Henry's outburst was hardly a federal case. No one died. But we weren't happy until he resigned. Did that make our lives - or the country - any better?
Yet when people stuff up the recovery period is so quick. Look at MPs' pratfalls - can you really remember what Shane Jones did wrong? Oh yes, watched raunchy videos. It all seems so trivial now.
Who is responsible for this newly-insipid society? You could start with the education system, where competition's a dirty word, winners and losers are banned, all must have prizes. Where principals shun national standards because one school might be shown to be better than another, and teachers are too obtuse to educate students beyond calling them failures.
Last month I was amused to be included in Deborah Hill Cone's column as one of the "rag-taggle eccentric libertarian, Act-type coves" who washed up at Antoine's restaurant to launch Lindsay Perigo's new television programme. Actoids and libertarians would clutch garlic and crucifixes if I gatecrashed their functions these days.

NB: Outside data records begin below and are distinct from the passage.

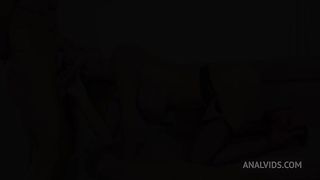 NINA HEELS AND THE TV REPAIRMAN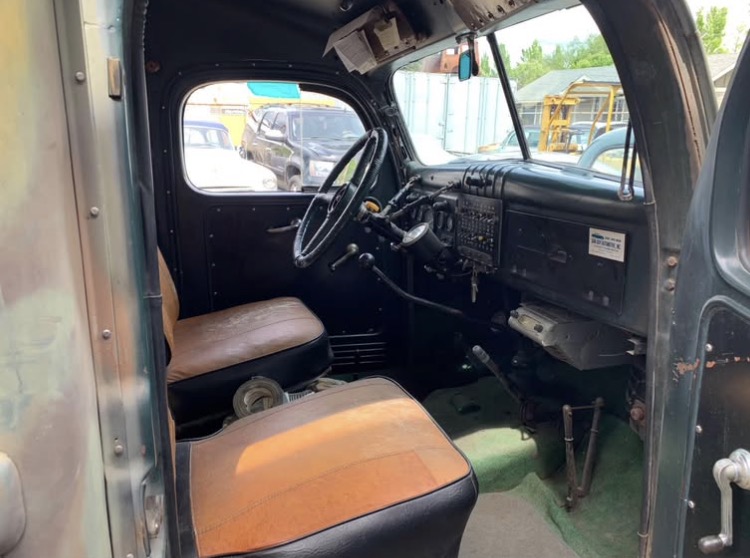 
								1942 Dodge Power Wagon Ambulance full									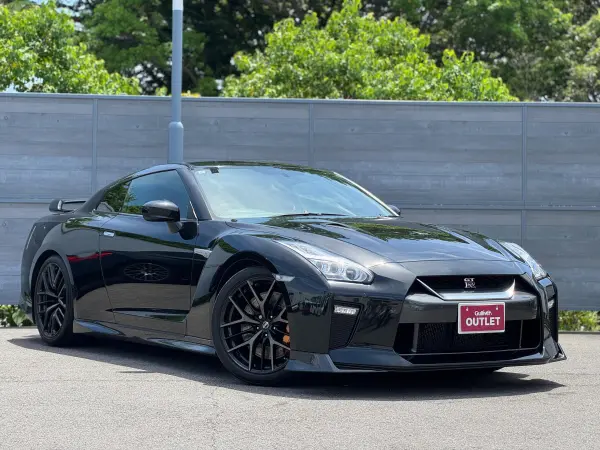 2017 Nissan Gt-r — photo 1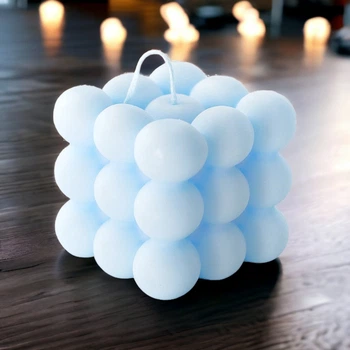 Ароматизована свічка Your Candles Bubbles з ароматом Небесна свіжість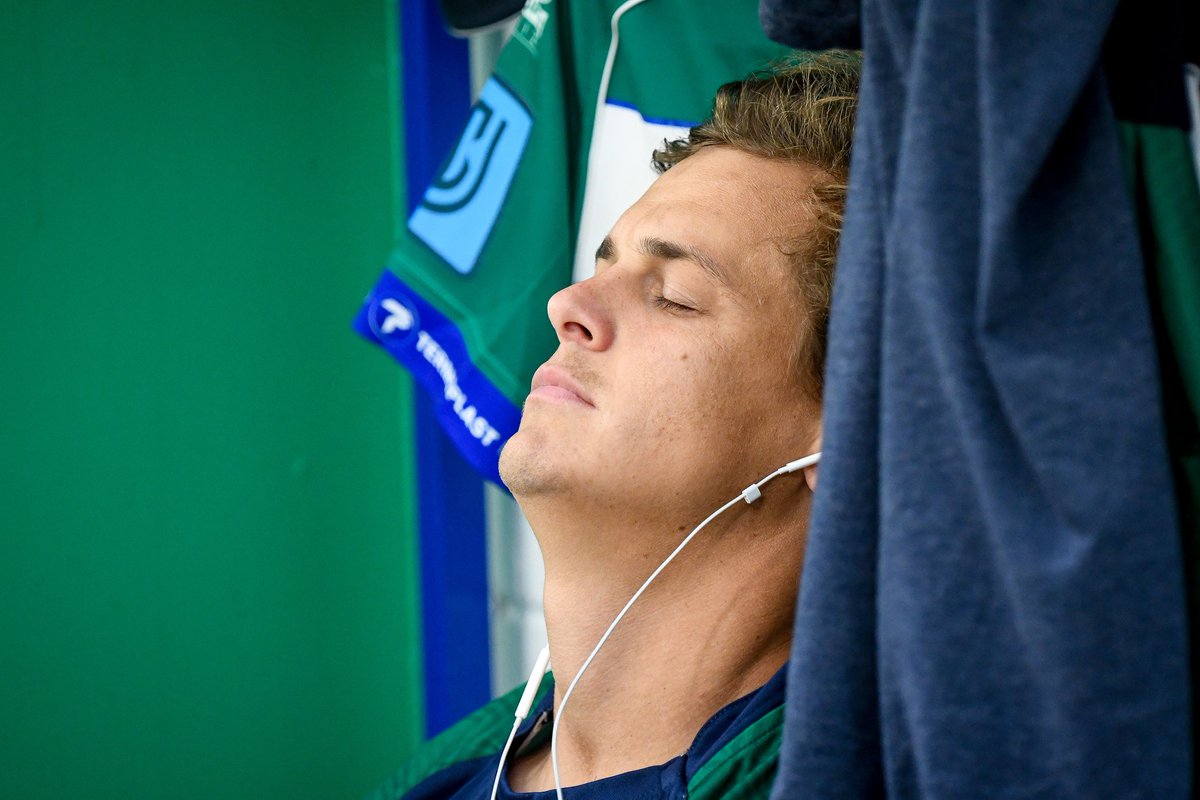 Dressing room ⚪🟢
The Boys are ready 🦁

#wearelions #BENvEDI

But the Perigo Show on Sky (starting March) could be a drought-breaker, because he promises viewers will want to either shoot him or shake his hand. Prissy people should not watch. Feelings will be hurt. Complaints will be made.
It's considered impolite to hurt anyone's feelings nowadays. Bollocks. It's not healthy to go through life without having your feelings trampled all over. Physical force is a definite no-no (unless in self-defence), but learning to deal with hurt pride, bruised ego and falls from grace is what separates wimps from heroes.
But right now, this country looks very much like a Santa-sack full of wimps.